Subject: Re: Style guide
To: None <current-users@NetBSD.ORG>
From: der Mouse <mouse@Rodents.Montreal.QC.CA>
List: current-users
Date: 06/04/1997 16:45:06
>>> Leaving things as they are results in the least work all around.
>> Sure, except for the fact that the way things are now is _broken_.
> Some parts of the system (e.g. unvis(3)) are broken, yes.  But I
> don't think that means that we should dump the system we have for
> strict ANSI;

Nor - that I recall - has anyone suggested we do so.  What I thought
was being suggested - and I support - is relaxing our style rules to
accept native-ANSI code, instead of requiring that it be uglified with
_P(()) and old-style definitions.

>>> But ANSI/ISO C is a different language.
>> But I would suggest that the majority of our programmers are more
>> comfortable in ANSI C, [...]
> Uh, I'm willing to bet that most of the core NetBSD folks were
> hacking C long before ANSI came along and standardized it.

I was (hacking C long before ANSI, that is), though I'm hardly core.
I'm also presently more comfortable writing in ANSI C than in K&R C.

Having been working with C since before ANSI is not inconsistent with
currently preferring ANSI C over pre-ANSI C.

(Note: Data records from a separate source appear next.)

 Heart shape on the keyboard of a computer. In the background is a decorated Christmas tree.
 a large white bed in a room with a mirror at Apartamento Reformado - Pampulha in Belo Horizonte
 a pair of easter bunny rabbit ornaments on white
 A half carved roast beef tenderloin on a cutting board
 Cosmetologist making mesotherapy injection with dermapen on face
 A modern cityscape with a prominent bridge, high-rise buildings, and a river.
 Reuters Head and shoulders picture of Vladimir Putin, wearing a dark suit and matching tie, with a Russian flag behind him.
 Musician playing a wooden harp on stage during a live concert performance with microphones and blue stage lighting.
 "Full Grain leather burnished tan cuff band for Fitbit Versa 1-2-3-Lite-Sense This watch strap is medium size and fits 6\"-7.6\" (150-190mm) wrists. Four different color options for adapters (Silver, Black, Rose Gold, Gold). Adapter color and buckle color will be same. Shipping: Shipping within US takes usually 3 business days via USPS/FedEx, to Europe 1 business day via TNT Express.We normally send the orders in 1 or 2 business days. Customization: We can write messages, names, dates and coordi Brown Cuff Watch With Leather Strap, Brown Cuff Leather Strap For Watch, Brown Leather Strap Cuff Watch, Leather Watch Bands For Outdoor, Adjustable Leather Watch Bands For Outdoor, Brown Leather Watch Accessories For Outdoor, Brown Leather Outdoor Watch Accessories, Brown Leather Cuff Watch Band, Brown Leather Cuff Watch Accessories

Indeed, all my new code is written to build cleanly with gcc -Werror -W
-Wall -Wpointer-arith -Wcast-qual -Wwrite-strings -Wstrict-prototypes
-Wmissing-prototypes -Wno-uninitialized (with a few occasions where I
use -Wno-error when I run into things like the old <sys/signal.h>).
There probably are things a good lint would catch that this doesn't,
but I have trouble thinking of any (except for failure to use return
values, a point on which I agree with rms) - which means they aren't
errors that have given me any significant trouble.